My friend George Holmes loved shouting out “here comes Tuna Fish” up at the corner of Keele and Eglinton during my greaseball period. This period took place between frat days and hippy days. Around town in my greaseball days that name C Tuna was recognizable up in the Junction, over on St Clair at Blackthorn and as well at Lansdowne and St Clair, also farther west towards Jane and Wilson and in Weston proper. I suppose the greasers up at Dufferin and Eglinton like Kenny Tanaka and Danny MacDonald had also known my AKA. It wasn’t that I was a prize fighter or anything a moniker was more a Title like that of a knight or a duke, sort of a right of passing, like a coming of age. Lots of guys had nick names just like the TV gangsters of the day, or the good guy bad guys in cowboy films. Names that quickly come to mind are, Hook, Coop de Grassser, Gooch, Scarecrow, Mars, Jake the Snake, Crazy Ivan, Fat Jack Hamilton, Mod, Vern the Tern, Dump, Butler, The Kid, Toot, Count, one guy, my friend Dave Wellwood had several nick names, The Goat, News, The General, Pee Wee and on and on.
Chassly Gangbusters was a favourite of the Hook and Coop years, Herbie used to like calling me Storch it was his invention he’d say it ‘Storch’ then back off a few steps in case I’d give him a smack, I always gave him a nasty sneer when he called me that. Charlie, Chuck, Chas, but almost never Charles. My name comes from a friend of my dads, Charles Bishop who died in the second war. Lately Schmiddy has been calling me the Kaliph of Keene which I really like. In the tradition of moms father Leon Yamel, actually Noel Lemay I’ve often tagged myself as Selrahc Yrogerg, this dates back to my saying words backwards while I waited to get on the field at the Smythe Park baseball league.
After a few days in the ward I could almost feel the drugs leaving my system and after two or three weeks I’d never been so clean, voluntarily. Even when I had the Hepatitis at Rochdale earlier that winter I was toking the finest hash and bud available. I must admit there was a new clarity to my mental comprehension, I could not adjust myself with other substances, alcohol included.

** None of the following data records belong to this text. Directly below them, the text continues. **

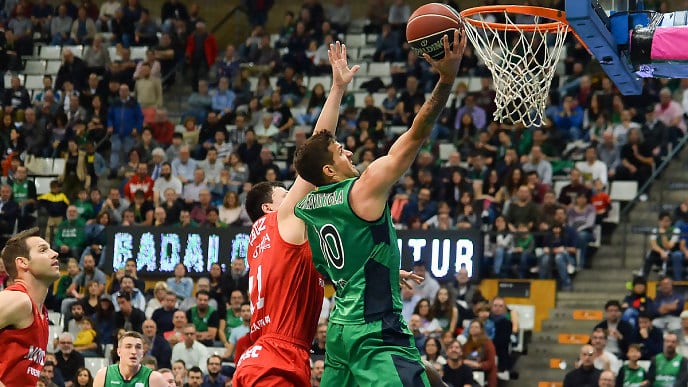 El Divina Seguros Joventut certifica la permanencia ante Montakit Fuenlabrada. Un mes y medio de milagro (95-87)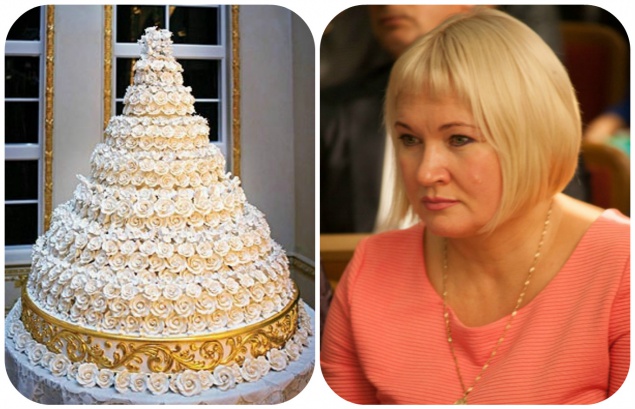 В Кременчуге в лицее №30 на день рождения директора скидываются родители учеников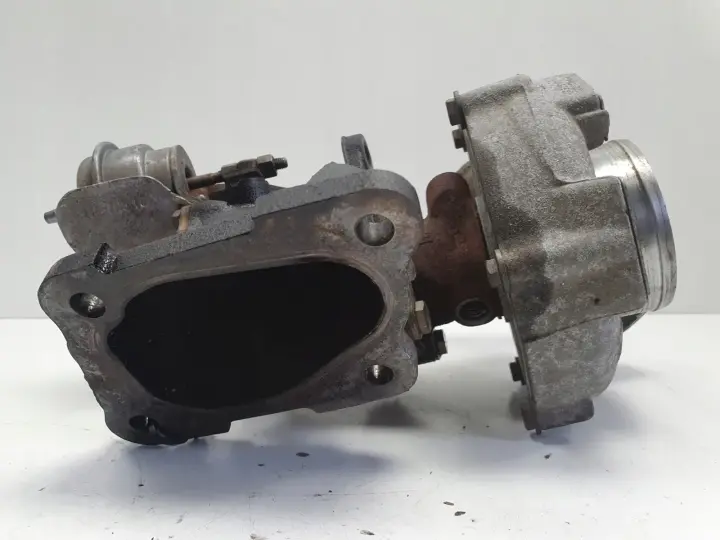 Volvo S60 II 2.4 D5 TURBOSPRĘŻARKA turbo 36002640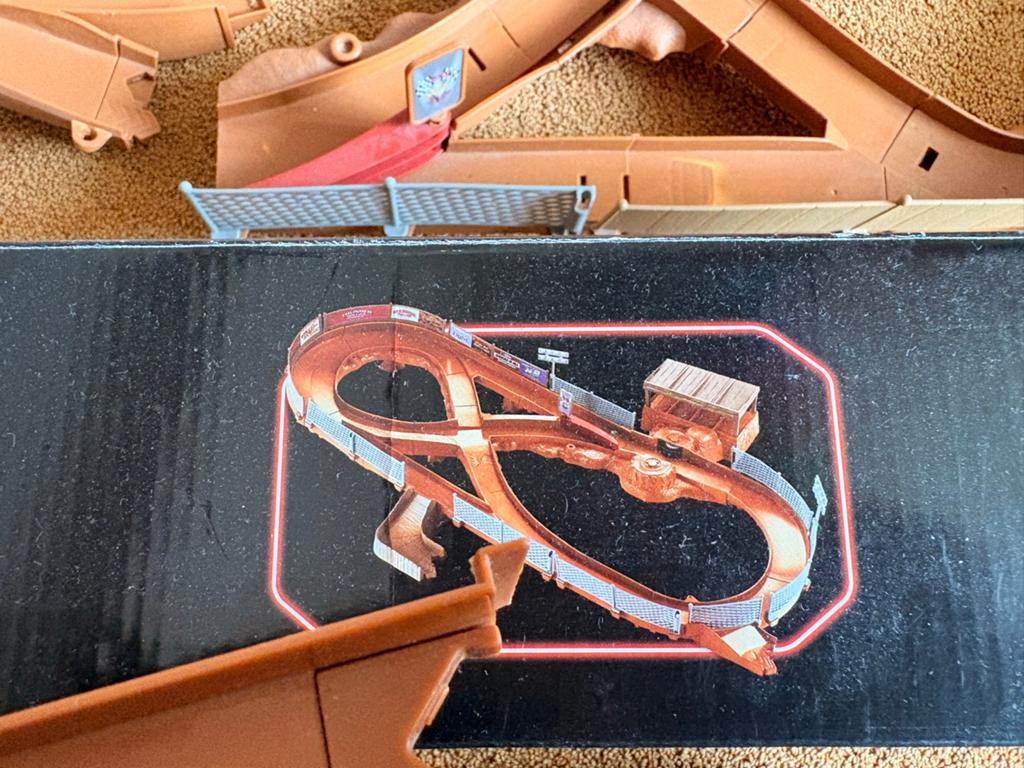 Disney Pixar Cars Thunder Hollow Criss-Cross Racebaan, Kinderen en Baby's, Speelgoed | Speelgoedvoertuigen, Ophalen of Verzenden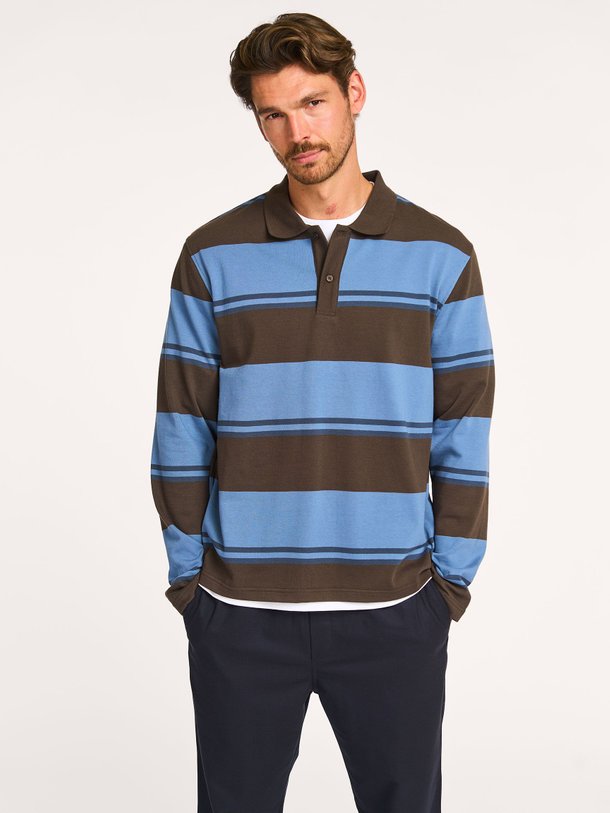 Ontdek de Sakevin organic cotton polo longsleeve van Samsoe Samsoe in de kleur blauw bij Orangebag. Op werkdagen voor 21:45 besteld, morgen in huis.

The food was awful, repetitive, I smoked like a chimney, there was a few hundred dollars in my pocket when I was picked up, I don’t recall the figure exactly. These funds in prison buy a lot of tobacco! To keep the peace I gave out as many smokes as required to avoid the bad guys wanting to shank me. We played cards night and day to pass the time, if anything I can remember that in particular, the time passing real slowly. That’s what more seasoned guys were saying that once you got where you were going, once you were sentenced you would find that your days took on structure and time was easier to do. This kind of time, waiting to be sentenced is called Dead Time and rightly so.

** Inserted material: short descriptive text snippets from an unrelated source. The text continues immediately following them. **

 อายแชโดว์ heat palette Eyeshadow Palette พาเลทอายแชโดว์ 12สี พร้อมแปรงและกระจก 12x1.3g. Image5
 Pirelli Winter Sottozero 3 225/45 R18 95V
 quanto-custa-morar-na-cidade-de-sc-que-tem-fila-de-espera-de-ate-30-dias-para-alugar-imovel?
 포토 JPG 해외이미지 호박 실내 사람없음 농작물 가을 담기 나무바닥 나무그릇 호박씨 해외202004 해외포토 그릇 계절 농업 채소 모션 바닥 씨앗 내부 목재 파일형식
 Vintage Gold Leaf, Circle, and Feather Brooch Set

Michael Snyder the lawyer supplied free via the government legal aid program was a little lame in court during my first appearance. I took him aside and chewed him out. I wrote a letter to the court system, maybe the judge or the Attorney Generals Office, I’m not sure. The crooked screw Sidney read the letter and informed the lawyer of my dissatisfaction this got his attention and he did a fine job afterwards. I wonder if that letter ever made it out of that place.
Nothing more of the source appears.